= What you have to do =
The entries below contain pictures. Write out only the lines from the line with "Техника за емоционална свобода" up to and including the line with "蜡笔小新联名充电宝自带线快充超大容量小巧便携可爱卡通移动电源详情13", exactly, without them.

= Listed entries =
>>>>
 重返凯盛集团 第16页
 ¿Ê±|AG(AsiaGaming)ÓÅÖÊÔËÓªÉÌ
<<<<
>>>>
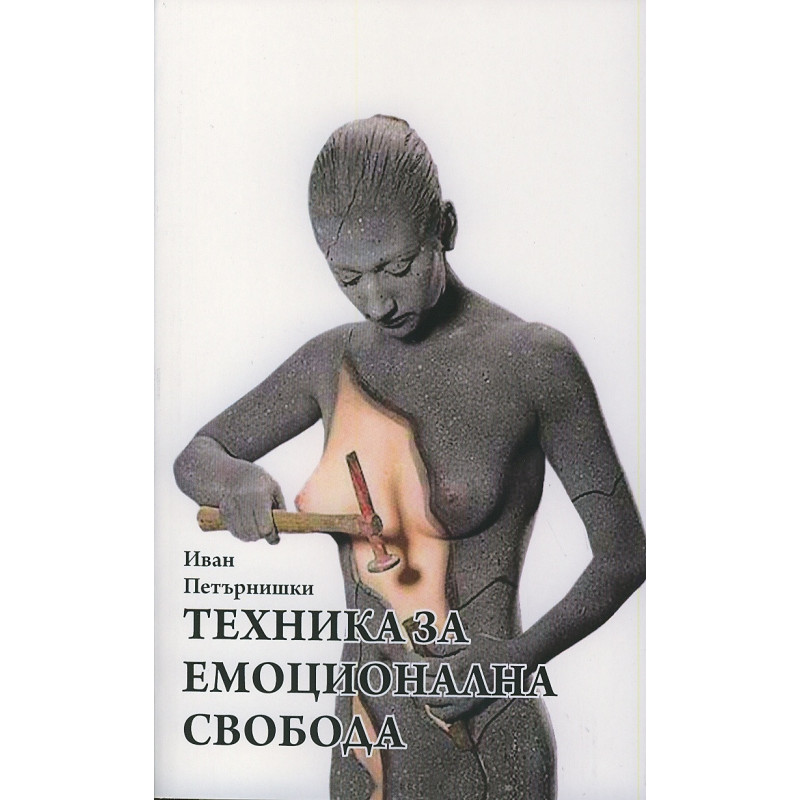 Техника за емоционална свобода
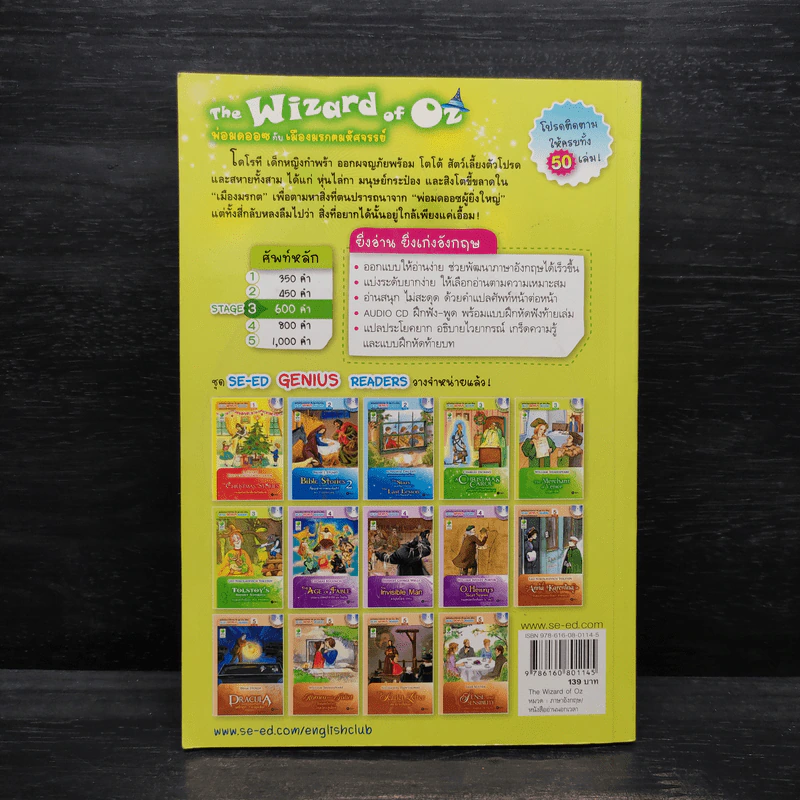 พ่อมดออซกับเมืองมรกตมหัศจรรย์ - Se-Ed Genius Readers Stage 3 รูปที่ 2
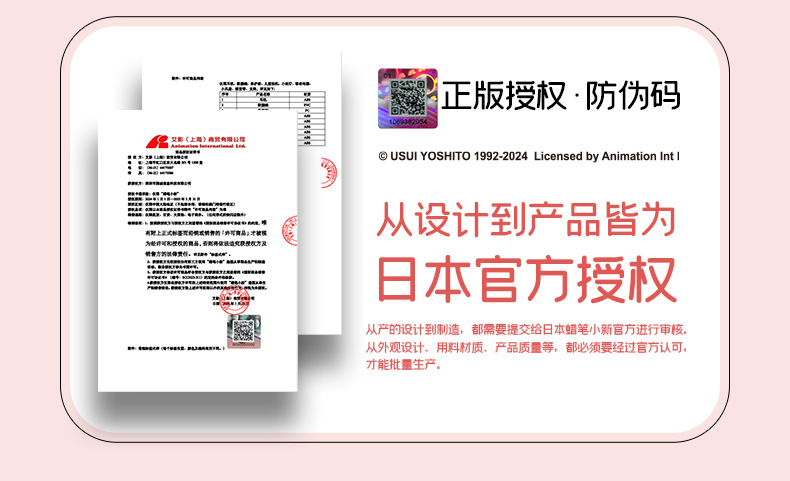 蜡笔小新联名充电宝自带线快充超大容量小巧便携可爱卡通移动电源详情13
<<<<
= Written response =
 Техника за емоционална свобода
 พ่อมดออซกับเมืองมรกตมหัศจรรย์ - Se-Ed Genius Readers Stage 3 รูปที่ 2
 蜡笔小新联名充电宝自带线快充超大容量小巧便携可爱卡通移动电源详情13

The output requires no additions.